How Likely is ‘Likely’?

Author

Jo Hardin

Published

March 10, 2026

Code

library(tidyverse) # ggplot, lubridate, dplyr, stringr, readr...
library(ggrepel)
library(praise)

The Data

In an online quiz, created as an independent project by Adam Kucharski, over 5,000 participants compared pairs of probability phrases (e.g. “Which conveys a higher probability: Likely or Probable?”) and assigned numerical values (0–100%) to each of 19 phrases.

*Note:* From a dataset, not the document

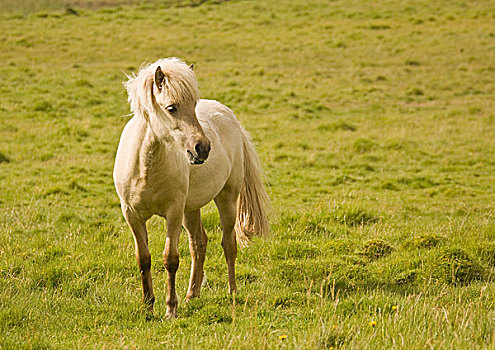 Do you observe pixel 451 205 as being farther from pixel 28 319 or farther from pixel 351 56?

The resulting data can be used to analyse how people interpret common probability phrases.

Which phrases do people most disagree on, in relation to the probability they represent?
Which demographic background is the most optimistic?
Does the order people are shown phrases in change their interpretation?

Thank you to Nicola Rennie for curating this week’s dataset.

Code

absolute <- readr::read_csv('https://raw.githubusercontent.com/rfordatascience/tidytuesday/main/data/2026/2026-03-10/absolute_judgements.csv')
pairwise <- readr::read_csv('https://raw.githubusercontent.com/rfordatascience/tidytuesday/main/data/2026/2026-03-10/pairwise_comparisons.csv')
metadata <- readr::read_csv('https://raw.githubusercontent.com/rfordatascience/tidytuesday/main/data/2026/2026-03-10/respondent_metadata.csv')

Language background

Code

prob_fluent <- absolute |> 
  left_join(metadata, by = "response_id")

Code

prob_fluent |> 
  group_by(term, english_background) |> 
  summarize(prob = mean(probability)) |> 
  mutate(english_background = case_when(
    english_background == "English is my first language" ~ "first",
    english_background == "English is not my first language and I am not fluent" ~ "not_fluent",
    english_background == "English is not my first language but I am fluent" ~ "fluent",
    is.na(english_background) ~ "missing"
  )) |> 
  pivot_wider(names_from = english_background, values_from = prob) |> 
  mutate(change = ifelse(first < not_fluent, "over", "under"),
         change_num = abs(first - not_fluent)) |>
  ggplot() + 
  geom_label_repel(aes(x = first, y = first, label = term, color = change_num),
                   nudge_y = 10) + 
  geom_point(aes(x = first, y = not_fluent), color = "purple") + 
  geom_point(aes(x = first, y = fluent), color = "red") + 
  geom_point(aes(x = first, y = missing), color = "green") + 
  geom_line(aes(x = first, y = not_fluent), color = "purple") + 
  geom_line(aes(x = first, y = fluent), color = "red") + 
  geom_line(aes(x = first, y = missing), color = "green") + 
  geom_abline(slope = 1, intercept = 0) +
  scale_color_gradient(low = "pink", high = "blue") + 
  theme_minimal()

Code

prob_fluent |> 
  group_by(term, english_background) |> 
  summarize(prob = median(probability),
            prob_q1 = quantile(probability, 0.25),
            prob_q3 = quantile(probability, 0.75)) |> 
  mutate(english_background = fct_relevel(as.factor(english_background),
                                          c("English is not my first language and I am not fluent",
                                            "English is not my first language but I am fluent",
                                            "English is my first language"))) |> 
  ungroup() |> 
  mutate(term = forcats::fct_reorder(as.factor(term), prob, .fun = mean)) |> 
  filter(!is.na(english_background)) |> 
  ggplot(aes(x = term, fill = english_background)) + 
  geom_bar(aes(y = prob), 
           stat = "identity", position = "dodge") +
  geom_errorbar(aes(ymin = prob_q1, ymax = prob_q3),
                position = "dodge") + 
  theme_minimal() + 
  theme(axis.text.x = element_text(angle=45, hjust = .5)) +
  scale_fill_brewer(palette = "Purples") + 
  labs(x = "", y = "", title = "Suggested probabilities for each term",
       fill = "English background")

For each of 19 different probabilistic phrases like 'highly unlikely' or 'probable', volunteers assigned their own probability. In the bar chart, we have plotted the median assigned probability for each word in each language proficiency group (one of: English as a first language, English not as a first language but fluent, and English not as first language and not fluent). The error bars describe the 25th and 75th quantiles of assigned probabilities for each group. The 'likely' words are more consistent than the 'unlikely' words. Everyone seems to assign a probability of 0.5 to 'about even'. — The height of the bar is the median assigned probability for each word in each language proficiency group. The error bars extend to the 25th and 75th quantiles. There seems to be a slight inclination for those who are not fluent to hedge their bets. That is, their assigned probabilities are a little higher for low probability words and a little lower for high probability words.

Code

prob_fluent |> 
  filter(term == "Almost No Chance") |> 
  ggplot() + 
  geom_boxplot(aes(x = english_background, y = probability))

Code

praise()

[1] "You are laudable!"